Find Us On Social Media :

Aren, Sang Pohon Emas

By J.B. Satrio Nugroho, Jumat, 23 November 2012 | 11:40 WIB

Aren, Sang Pohon Emas

Intisari-Online.com - Suatu ketika, salah seorang Wali Songo, yaitu Kanjeng Sunan Bonang, telah mengisyaratkan kepada seorang berandalan bernama Loka Jaya alias Raden Said bahwa pohon aren dapat “berubah” menjadi emas yang berkilau-kilau.

Kalau Sunan Bonang menyandingkan aren dengan emas, kiranya tidak berlebihan. Bukan hanya benilai tinggi dan mengagumkan bak emas, tapi juga mendukung keberlangsungan lingkungan hidup. Sifat akar aren yang menghunjam ke tanah menarik air tanah dan membentuk sumber mata air.
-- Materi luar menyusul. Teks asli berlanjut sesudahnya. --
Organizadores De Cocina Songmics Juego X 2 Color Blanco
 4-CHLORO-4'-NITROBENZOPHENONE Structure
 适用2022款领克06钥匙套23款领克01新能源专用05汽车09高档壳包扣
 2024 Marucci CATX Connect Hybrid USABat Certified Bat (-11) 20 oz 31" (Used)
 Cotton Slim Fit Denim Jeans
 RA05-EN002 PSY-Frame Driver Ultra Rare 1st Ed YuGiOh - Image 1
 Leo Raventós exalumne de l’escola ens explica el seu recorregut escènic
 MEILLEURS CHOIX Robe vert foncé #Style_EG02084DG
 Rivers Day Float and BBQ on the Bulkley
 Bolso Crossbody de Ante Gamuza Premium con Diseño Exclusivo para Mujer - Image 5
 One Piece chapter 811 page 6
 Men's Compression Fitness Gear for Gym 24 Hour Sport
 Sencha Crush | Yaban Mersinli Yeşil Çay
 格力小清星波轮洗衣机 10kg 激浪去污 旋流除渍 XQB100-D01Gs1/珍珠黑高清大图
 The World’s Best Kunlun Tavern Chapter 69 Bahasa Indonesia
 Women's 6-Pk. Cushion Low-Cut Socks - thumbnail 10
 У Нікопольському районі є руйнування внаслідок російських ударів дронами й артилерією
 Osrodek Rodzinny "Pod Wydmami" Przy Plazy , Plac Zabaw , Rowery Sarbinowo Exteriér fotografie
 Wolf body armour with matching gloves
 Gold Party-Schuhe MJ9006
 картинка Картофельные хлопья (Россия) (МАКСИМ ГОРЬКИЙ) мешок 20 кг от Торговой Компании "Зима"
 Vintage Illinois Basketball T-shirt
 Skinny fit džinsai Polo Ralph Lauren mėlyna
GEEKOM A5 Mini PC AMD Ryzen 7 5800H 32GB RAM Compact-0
Pohon aren (Arenga pinnata) bukanlah tumbuhan yang sulit ditemui. Salah satu sebabnya, karena aren bukanlah tumbuhan yang rewel; dia bisa tumbuh subur di tengah pepohonan lain dan semak-semak, di dataran, lereng bukit, lembah, dan gunung hingga ketinggian 1.400 mdpl. Pohon yang juga dinamakan enau ini juga bukan tumbuhan yang mudah sakit dan kebal hama, sehingga tidak membutuhkan pestisida.

Di Indonesia, populasi aren terbesar ada di Pulau Sulawesi, mulai dari Sulawesi Utara, Gorontalo, Sulawesi Barat, Sulawesi Tengah, Sulawesi Tenggara sampai ke Tanah Toraja dan seluruh wilayah Sulawesi Selatan. Populasi aren juga banyak terdapat secara sporadis di wilayah Kepulauan Maluku, Nusa Tenggara Barat, dan Bali.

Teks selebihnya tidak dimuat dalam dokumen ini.